高齢者をサポートする施設は、高齢者住宅やナーシングホーム、地方自治体のホームヘルプサービスなどがあります。1980年代はそのようなサービス、施設が必要な高齢者は約40万人でしたが、2005年には24万5000人にまで減少しています。減少の理由は、手厚いケアによって健康的な高齢者が増えたこと、「自立した普通の生活を送れるようにする」というケアの主旨にあります。国、各地方自治体は、賃貸、持ち家にかかわらず自宅で生活できるサポート体制をとっており、食事の配達をはじめ、掃除や買い物の手伝い、緊急警報サービス、交通サービスなどのほか、転倒によるけがを防ぐためにカーテンをつったり、電球を替えたりするサービスも行っています。そんな体制の中でもとりわけて特徴的なのが住居に関するサポートです。
元気でアクティブなのが、スウェーデンの高齢者たちの特徴
©Hans Bjurling |
地方自治体が高齢者用住宅や居住エリアを計画する場合、民間や行政のサービスへのアクセス利便性など、居住者のニーズを優先的に考えることが要求されます。身体に不自由が生じている場合は自宅の改装を行い、障害がある場合は自治体が交付金で住宅改装費用を全負担して自宅に住み続けられる環境を整えます。高齢者の間で人気があるのが、55歳以上の市民を対象とした「シニアハウス」という一般住宅です。新築や中古など形態は様々ですが、良好なアクセスが基準で、不動産所有者なら種類を問わずシニアハウスを提供できるので、一般市場での購入も可能です。シニアハウスの入居者はレベルに合わせてホームヘルプ、自宅医療を受けることができます。医療面でのバックアップだけではなく、入居者が集える共同キッチン、スタッフの駐在など、安心して豊かな暮しが楽しめるように配慮されています。
自力で生活が送れなくなった場合や、障害をもつ高齢者でも、レベルにより24時間態勢のサポートを受けることができるので、そのほとんどが自宅で過ごすことができます。また、通常の公共交通機関が利用できない高齢者には、タクシーや特別認可の乗り物による交通サービスが提供されます。自宅でのケアが困難な場合は、スタッフが常勤する特別住宅なども用意されています。医療の面では、自宅や外来による診察が増えており、病院での待ち時間を短縮する保証制度なども整えられています。さらに各人に合わせて身体活動を指導する予防ヘルスケアなどの効果もあって、入院日数も短くなっています。しかし、自宅や特別住宅、シニアハウスなどでケアが充実する一方で、医療スタッフの育成・訓練を請け負う自治体の負担が大きくなっているという側面もあります。

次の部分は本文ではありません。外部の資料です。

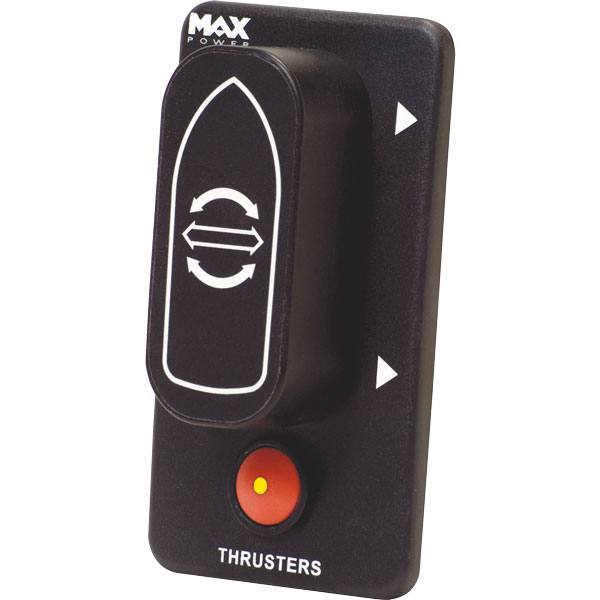 Max Power joystick til bovpropel i nærbillede, viser design og funktionalitet.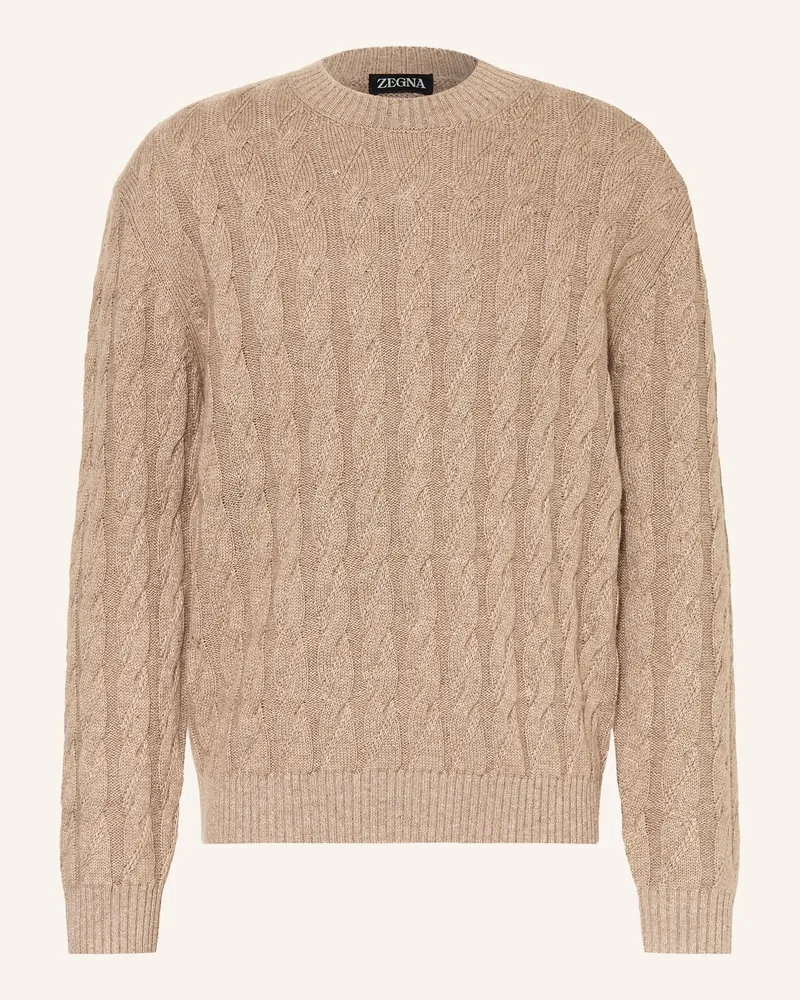 Ermenegildo Zegna Pullover mit Cashmere und Leinen Beige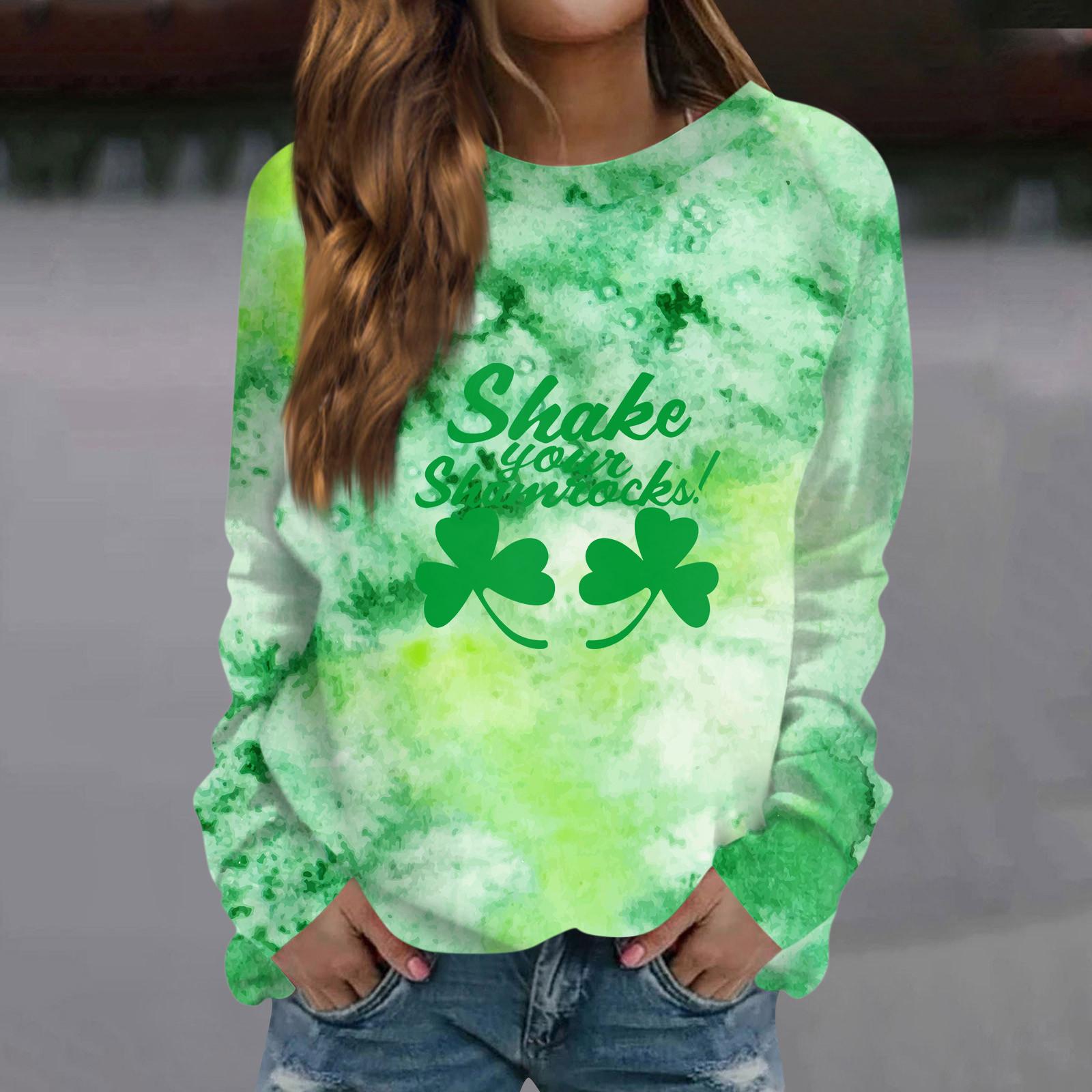 

Женская мода повседневная толстовка с длинным рукавом и круглым вырезом с принтом L армия зеленый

高齢者ケア費用は、2005年は総計803億スウェーデンクローナ(約1兆3300億円)で、1980年と比べると60%アップしています。費用の4分の3は主に地方税などの税収、その他は政府からの交付金で賄われており、ケアを受ける高齢者の負担は全費用の3%強にとどまっています。今後25年間は80歳以上の高齢者、年金受給者がさらに増加し、税金を納める就業者が減少することから、高齢者ケアにかかる費用の確保・対策が、政府にとって大きな課題となっています。ケア費用に対する問題がある反面、このサポート体制によって旅行やスポーツを楽しんだり、ボランティアなどの社会活動に参加したりする活発な高齢者が確実に増えています。また、年金受給者の多くは生活にゆとりがあるために、製品やサービスに対して高いクオリティーを求める傾向があり、この要求が新たな市場を創出する可能性があります。つまり、元気に過ごす高齢者は、スウェーデン経済を活性化させる重要な担い手でもあるのです。